I’m admittedly an outsider to conservative circles, but that seems a curious choice: What is Loeffler trying to tell us about herself with such ads, and what makes her think that the voters whom she’s trying to attract would see Attila as a positive model?
It’s not as if Attila was pro-life, a defender of law and order or someone who respected private property. The man was a vicious killer who slaughtered every living soul in the cities that he conquered and plundered. It’s also not about low taxes; Attila “taxed” you by stealing everything you had.
It’s not his adherence to constitutional principles and liberty; like someone else we’ve come to know, Attila demanded total personal loyalty, and those who wouldn’t give it weren’t kept around very long.
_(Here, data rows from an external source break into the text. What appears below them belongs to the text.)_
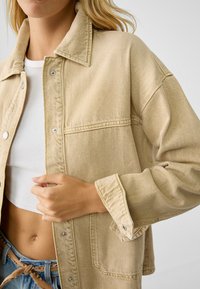 Veste en denim beige avec un col, fermeture à boutons-pression et poches latérales. Présente un tissu texturé et des manches retroussées.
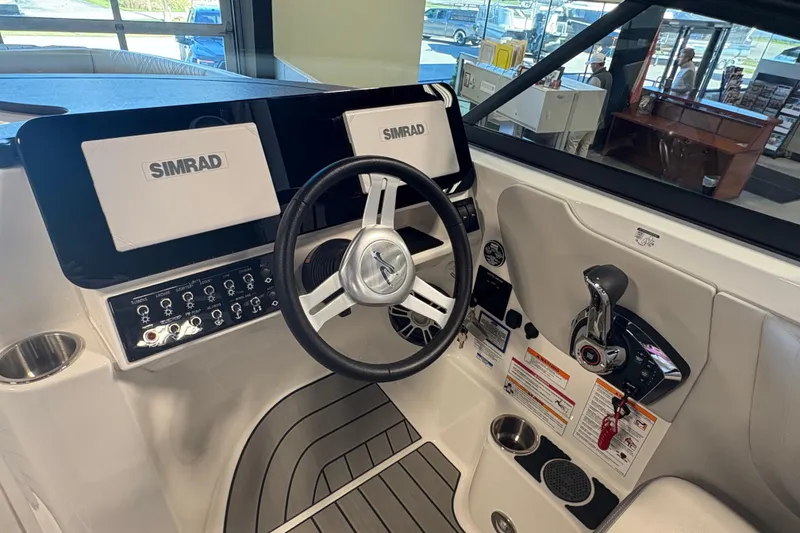 Slide: The Image of 2025 Sea Ray SDX 270 Surf boat dashboard with Simrad displays and controls. - 11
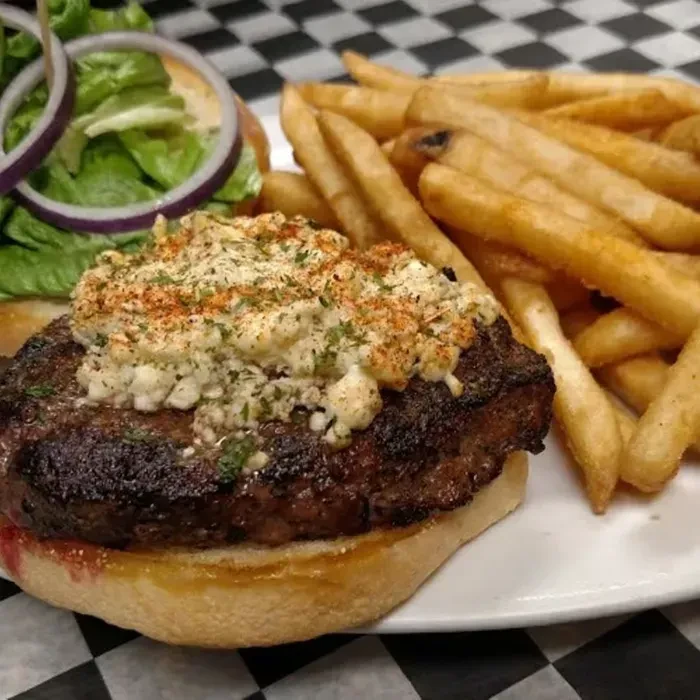 Plate of gourmet burger with crumbly cheese, herbs, and french fries.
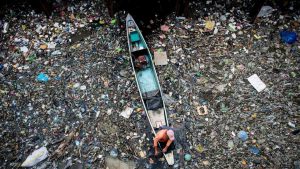 A worker collects garbage from the Marilao River in Bulacan, north of Manila. Pure Earth, formerly known as the Blacksmith Institute, a non-governmental organisation that works to solve pollution problems in the developing world, named Marilao River as one of the 30 dirtiest places in the world in 2007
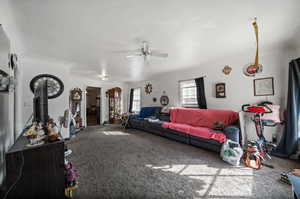 Living room with carpet flooring and ceiling fan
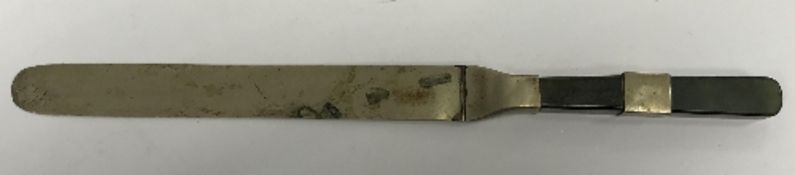 A 19th Century Chinese paperknife with jade and white metal banded handle and white metal blade,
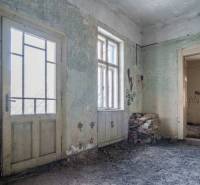 The interior of the building with damaged walls, doors, and windows, bricks on the floor.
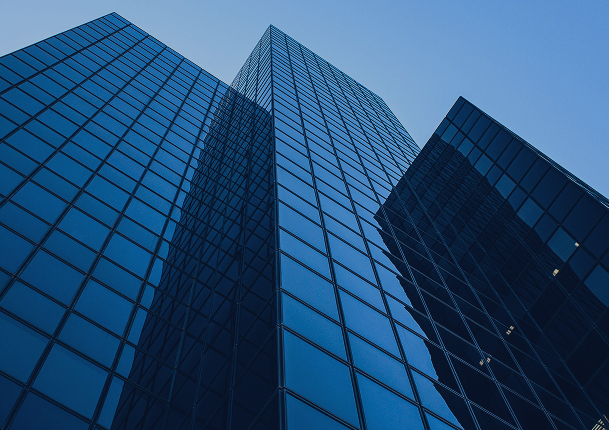 Looking up at three modern glass skyscrapers with reflective blue windows against a clear blue sky.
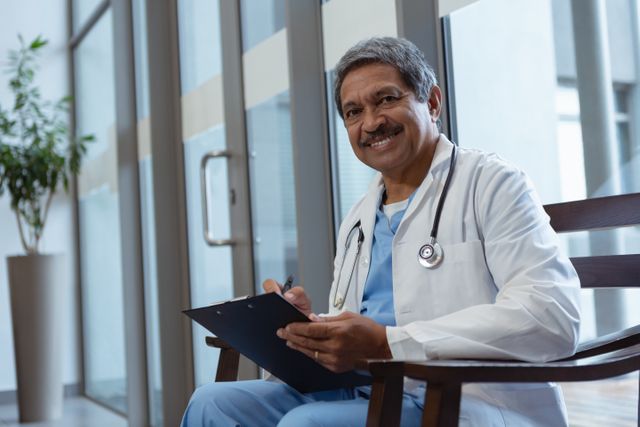 Mature male doctor sitting in hospital lobby, writing on clipboard. Ideal for healthcare, medical, and professional themes. Useful for illustrating patient care, medical consultations, and healthcare environments.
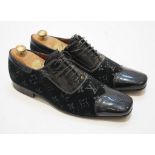 A pair of gentleman's Louis Vuitton black velvet and patent leather evening shoes, size 8.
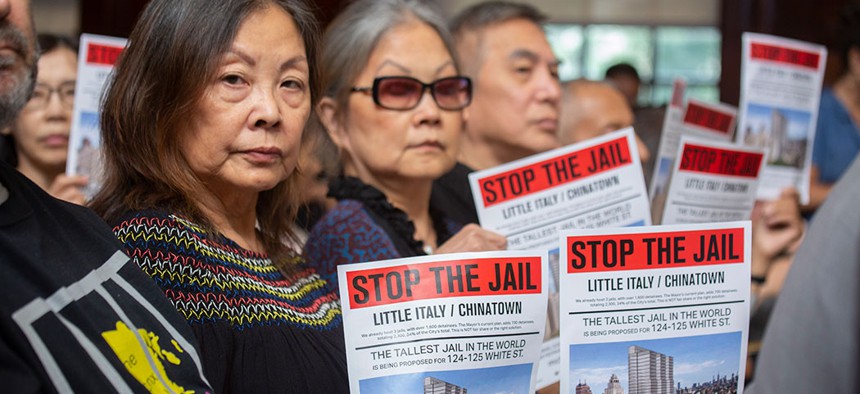 Protesters opposed to the creation of new borough-based jails.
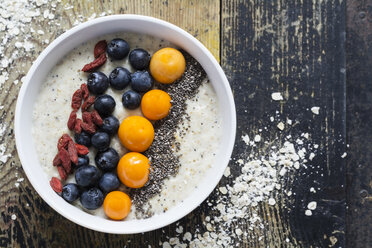 Bowl of porridge with milk, blueberries, chia, physalis and goji berries - ODF01483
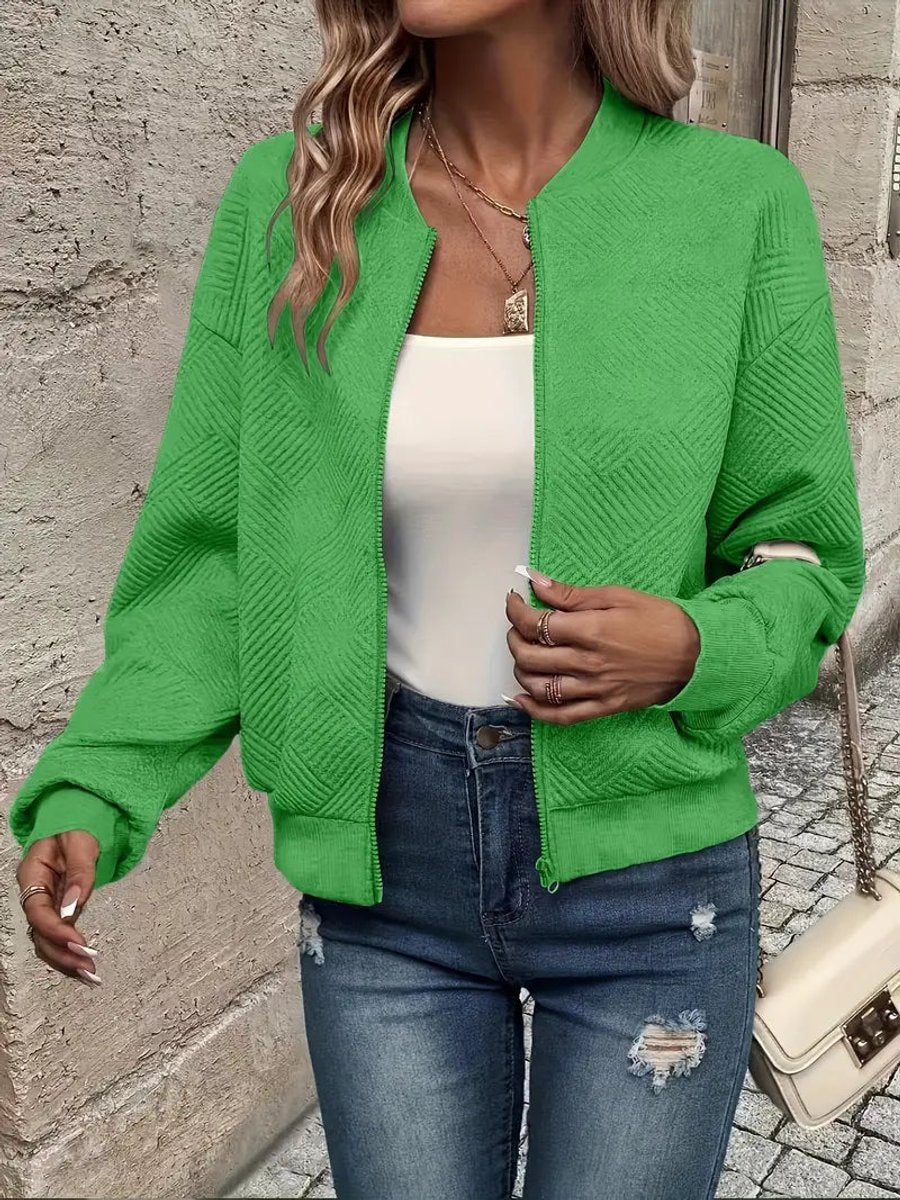 Bright green textured knit zip-up cropped bomber jacket worn over jeans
And it isn’t defense of religious freedom in general or of Christianity in particular; in the words of a chronicler in his day, Attila “took captive the churches and monasteries and slew the monks and maidens in great numbers.” In the fantasy world that conservatives have built for themselves, that would make Attila a liberal, right?
So it’s a mystery: What exactly makes Attila an icon for today’s conservatives? When did they abandon Ronald Reagan or Barry Goldwater as examples to be emulated and turn instead to a man renowned as brutal and cruel?
We got an inkling of an answer in the presidential debate on Tuesday night, which quickly devolved into a 90-minute microcosm of Donald Trump’s presidency. Throughout the debate Trump lied, provoked, attacked, ignored the rules, cheated, insulted, created chaos and incited violence, all to distract attention from his own incompetence and amorality.
At one point the moderator, Chris Wallace of Fox News, all but begged Trump to state publicly that he would abide by the results of the election.
Trump would not do so.
Wallace also asked Trump whether he would repudiate white supremacists and the armed militias that seem to be gathering in his support. Again, Trump refused to do so. Instead he cited the Proud Boys, one of the more violent right-wing bully-boy groups, instructing them to “stand back and stand by,” mumbling that “somebody’s got to do something about antifa and the left.”
The Proud Boys were ecstatic, treating Trump’s request to “stand by” as an order from their commander-in-chief to be ready when he called upon their services.
Loeffler has also signaled that she’s comfortable with such associations. In a photo released by her campaign on Twitter, Loeffler is shown campaigning in Ringgold alongside Marjorie Taylor Greene, the congressional candidate whose embrace of the bizarre QAnon theories and white supremacy has drawn stern disavowals from other Republicans. The photos also include several heavily armed militia members in cammo.
Those photos were not broadcast by accident. It’s one thing for people to show up at your event to demonstrate their support. As a candidate, you can’t control that and can’t be held to account for it. However, when a campaign sends out official photographs of such people alongside the candidate, it sends an official message that the candidate welcomes and embraces such support.
While that’s Loeffler’s right, it’s not a message that would have been sent by Johnny Isakson, a longtime Republican and Loeffler’s predecessor in that Senate seat. It’s not a message that any mainstream Republican would have been comfortable sending even four years ago.
But Attila the Hun would have liked it just fine.